Quasi un alter ego di Andrea Brambilla, che con quel nome non puoi che nascere a Varese. O giù lì. La maschera del clown lasciata ogni sera sul palco per cedere il posto a un uomo pacato. Tutto d’un pezzo, avrebbero detto una volta. Con quell’educazione non affettata che lascia sempre un po’ sorpresi nelle interviste. Classe 1946, ci mette un po’ per decidersi a fare l’attore. Chissà in famiglia. E nel 1976 arriva il debutto al Derby di Milano, in coppia, insieme all’amico Nino Formicola in arte Gaspare.

La spalla ideale per sketch stralunati, in bilico fra raffinatezza e demenzialità. È un attimo. E qualcuno si accorge di loro. Arrivano in Rai per “Non stop”, “La sberla”, “Domenica in”. Poi Antenna 3, come autori e presentatori. È lì la svolta, il tormentone: “ce l'ho qui la brioche!”. Urlato con quella dizione meravigliosamente imperfetta. Volgarotto, certo. Ma buca il piccolo schermo. E arriva Drive in. Sono gli anni d’oro. Eppure… Eppure i due mollano presto per tornare al teatro. E piace ricordarli nella commedia di Neil Simon “Andy e Norman”, prima di tornare al successo in tv nel 1989 con “Emilio”.

Ma il cabaret cambia gusti velocemente, la tv è una pianta carnivora. Difficile rimanere sulla cresta. E quello che faceva ridere improvvisamente pare un poco fuori moda, invecchiare male. A distanza di tempo lo si può guardare come una fortuna. Perché Andrea Brambilla e Nino Formicola hanno la possibilità di concentrarsi sul loro grande amore: il teatro. Che lì il pubblico non tradisce, la qualità mica te la puoi inventare.
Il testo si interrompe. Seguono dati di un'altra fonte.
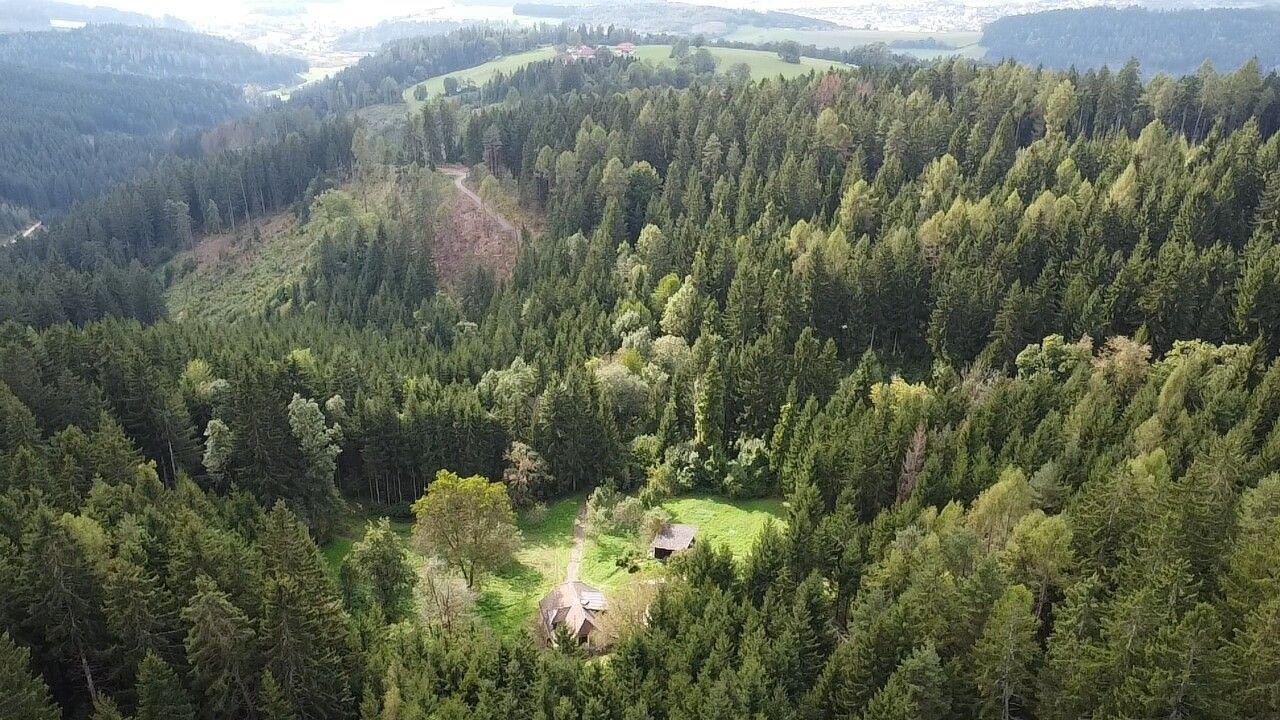 Land-/Forstwirtschaft zum Kauf 300.000 € 42.703 m²<br/>Grundstück Guttaring 9334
Arrivano così le tante commedie di stampo anglosassone, quei carillon brillanti che paiono fatti apposta per due talenti che si trovano a memoria.
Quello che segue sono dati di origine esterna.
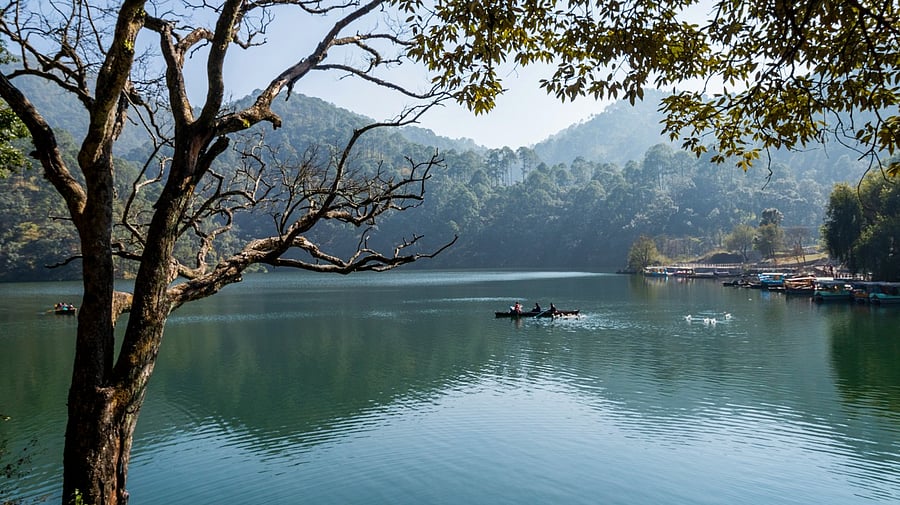 <div class="paragraphs"><p>Representative image of a lake</p></div>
E che non si mollano mai, come i matrimoni più belli. Nella buona e nella cattiva sorte. Nel record di tenitura (oltre tre mesi) stabilito nel 1998 al Nazionale con “Rumori fuori scena”. In quell’incidente del 9 gennaio 2002, quando Andrea esce vivo per miracolo da un gravissimo incidente stradale. È solo una pausa. Che poi si ricomincia. Sui palcoscenici, i sipari da aprire, lo scalpiccio degli spettatori che prendono posto in platea. Che Brambilla è un attore, mica un cabarettista. Fino a oggi. Eppure lui ci aveva pure provato. “Perché dovrei smettere di far ridere?”.
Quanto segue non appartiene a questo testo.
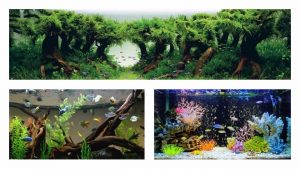 Оформление аквариума: примеры и варианты с камнями и растениями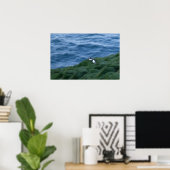 Isländisch Puffin Bird Poster (Heimbüro)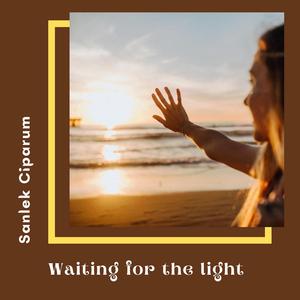 Fell Asleep Under a Tree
Già, perché Zuzzurro. Che la passione non ha date di scadenza, ti fa alzare la mattina anche quando tutto va storto. E così a metà ottobre erano in tanti ad aspettarlo al Leonardo per il debutto di “Non c'è più il futuro di una volta 2.0”, un mese di repliche in cartellone, un inno alla vita. Uno sberleffo. Ma la stanchezza questa volta era davvero troppa. Addio Commissario.